*** INFORMATION SUPPLIED

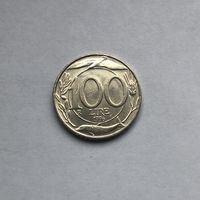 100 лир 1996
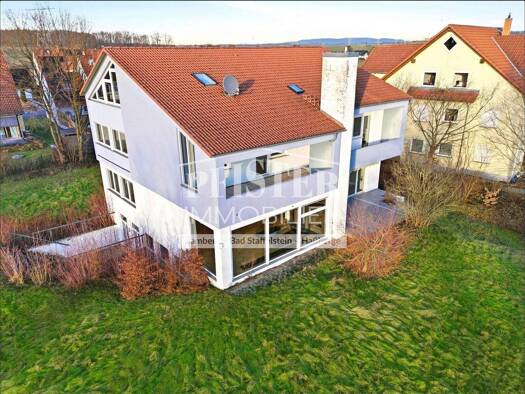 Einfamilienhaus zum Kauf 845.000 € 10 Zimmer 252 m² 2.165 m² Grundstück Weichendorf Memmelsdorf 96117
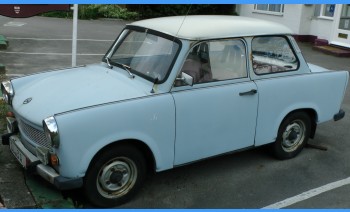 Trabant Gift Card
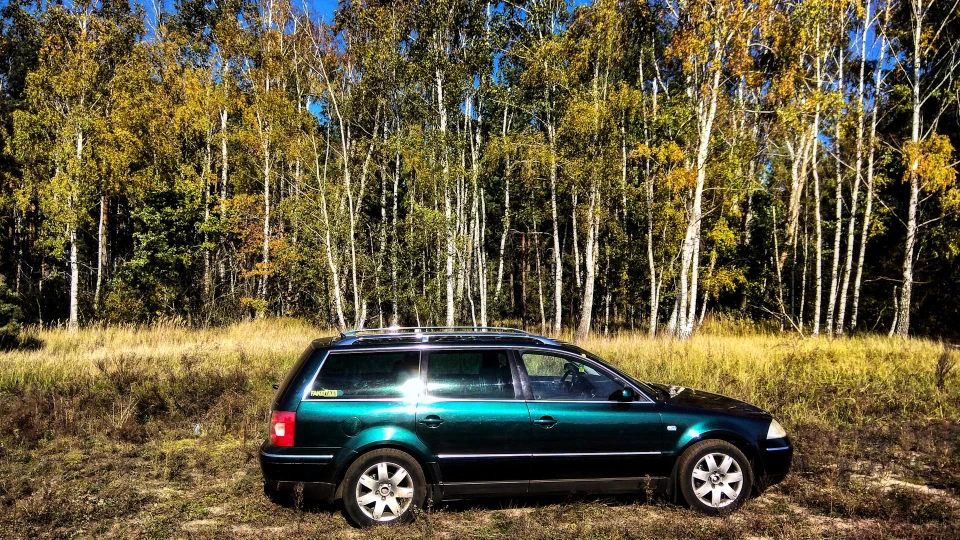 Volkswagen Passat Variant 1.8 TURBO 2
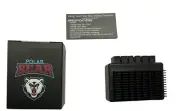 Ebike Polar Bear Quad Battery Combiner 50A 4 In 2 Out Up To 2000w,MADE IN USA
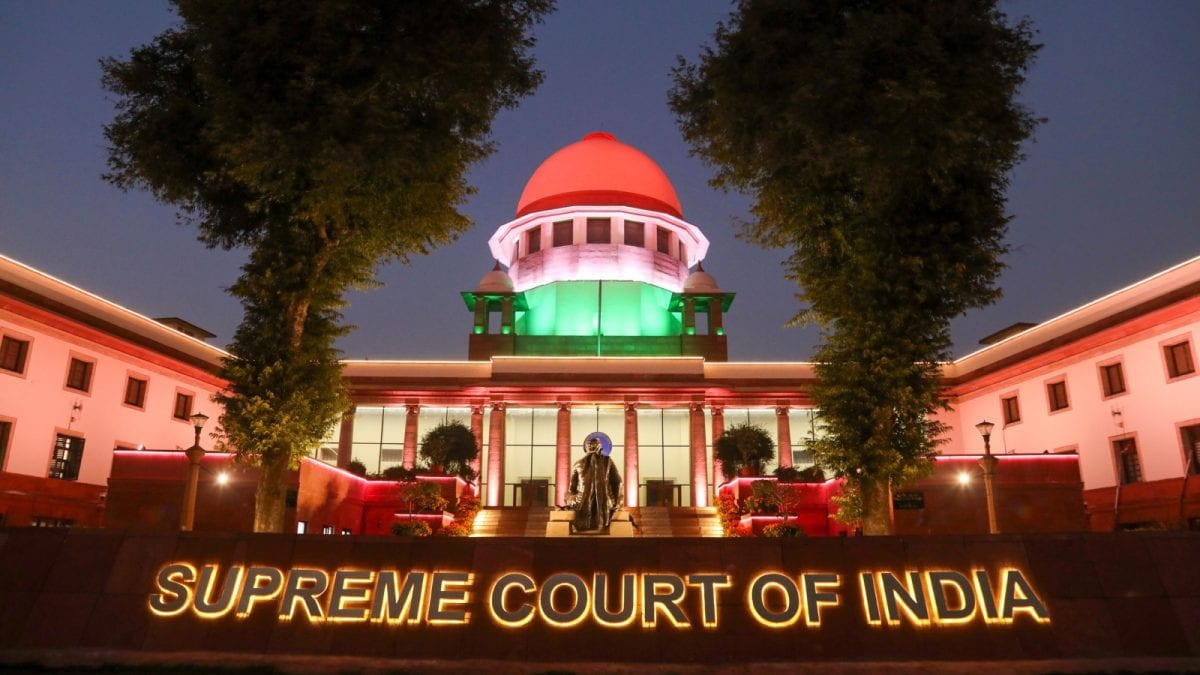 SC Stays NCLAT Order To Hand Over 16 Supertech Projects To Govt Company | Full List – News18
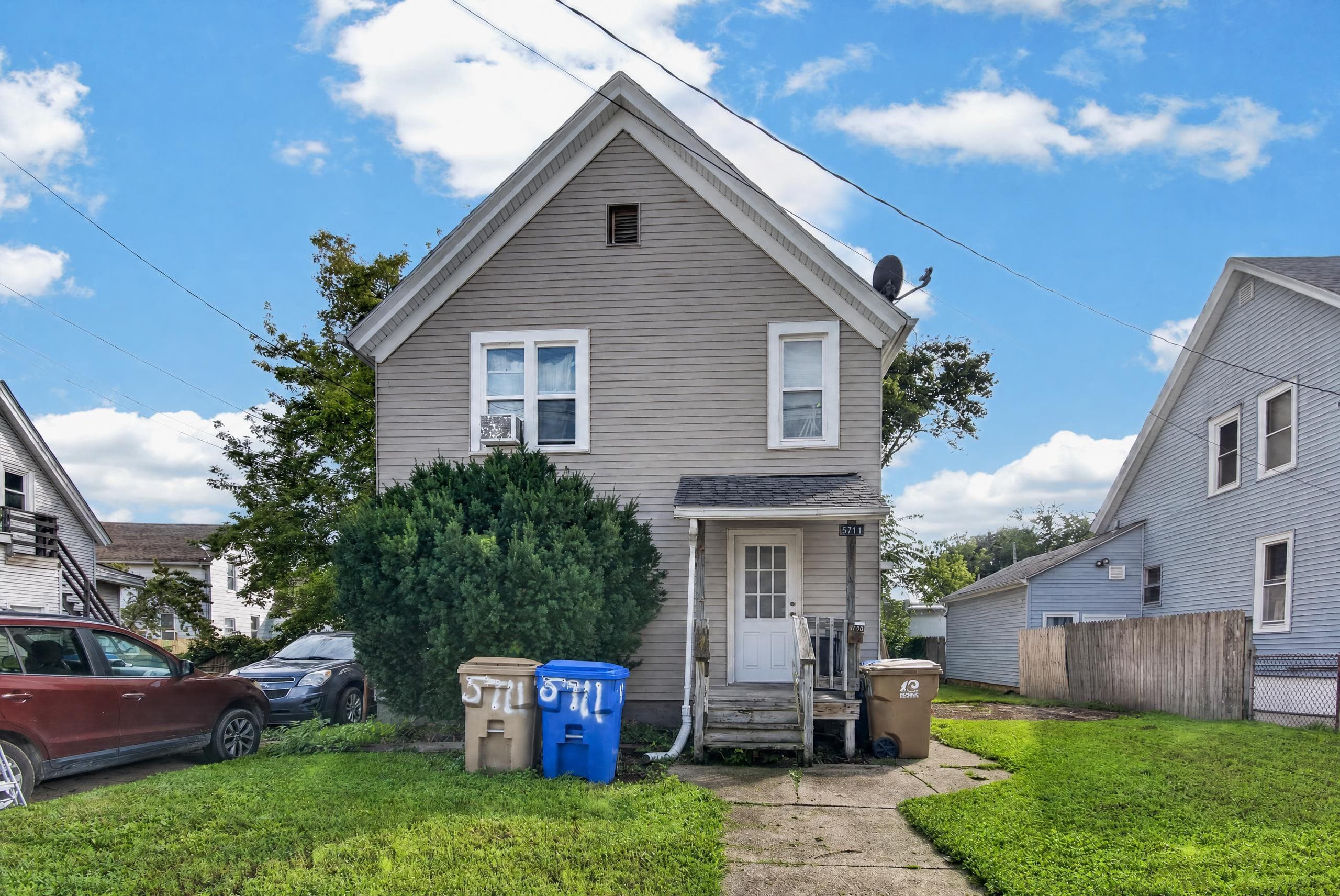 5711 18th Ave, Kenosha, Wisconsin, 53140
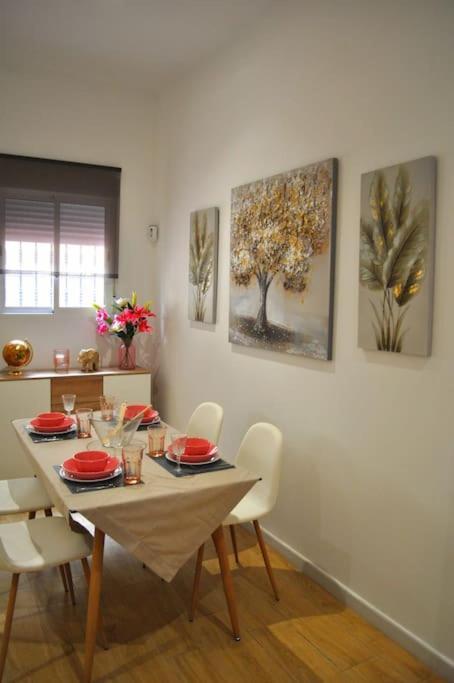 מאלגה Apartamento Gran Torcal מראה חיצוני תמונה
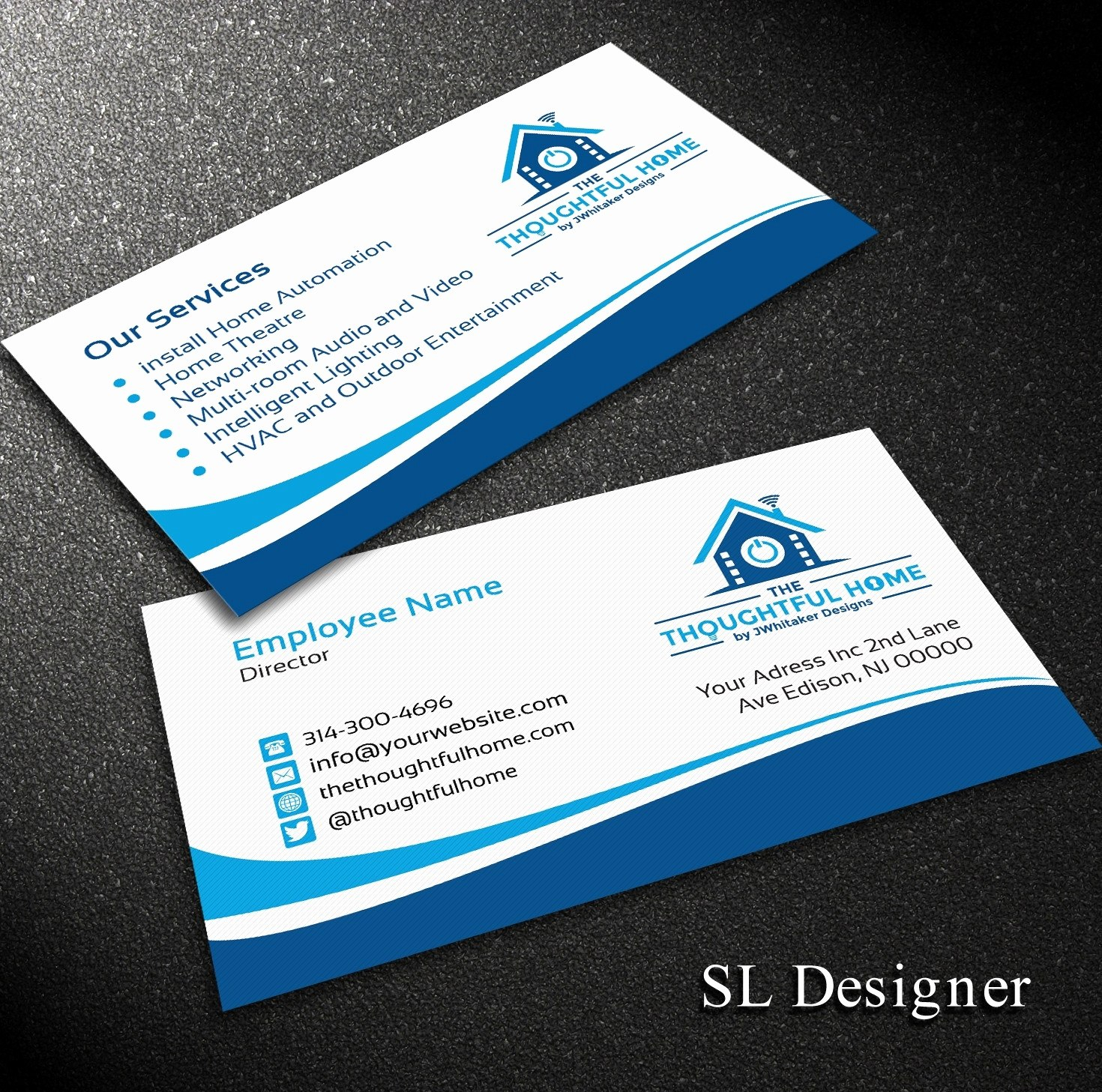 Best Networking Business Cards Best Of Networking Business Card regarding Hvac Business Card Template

******

WHAT YOU NEED TO DO: For this exercise, copy each line of the data above exactly, from the first through the line containing "מאלגה Apartamento Gran", and drop the pictures.

REPLY TO THE EXERCISE:
 100 лир 1996
 Einfamilienhaus zum Kauf 845.000 € 10 Zimmer 252 m² 2.165 m² Grundstück Weichendorf Memmelsdorf 96117
 Trabant Gift Card
 Volkswagen Passat Variant 1.8 TURBO 2
 Ebike Polar Bear Quad Battery Combiner 50A 4 In 2 Out Up To 2000w,MADE IN USA
 SC Stays NCLAT Order To Hand Over 16 Supertech Projects To Govt Company | Full List – News18
 5711 18th Ave, Kenosha, Wisconsin, 53140
 מאלגה Apartamento Gran Torcal מראה חיצוני תמונה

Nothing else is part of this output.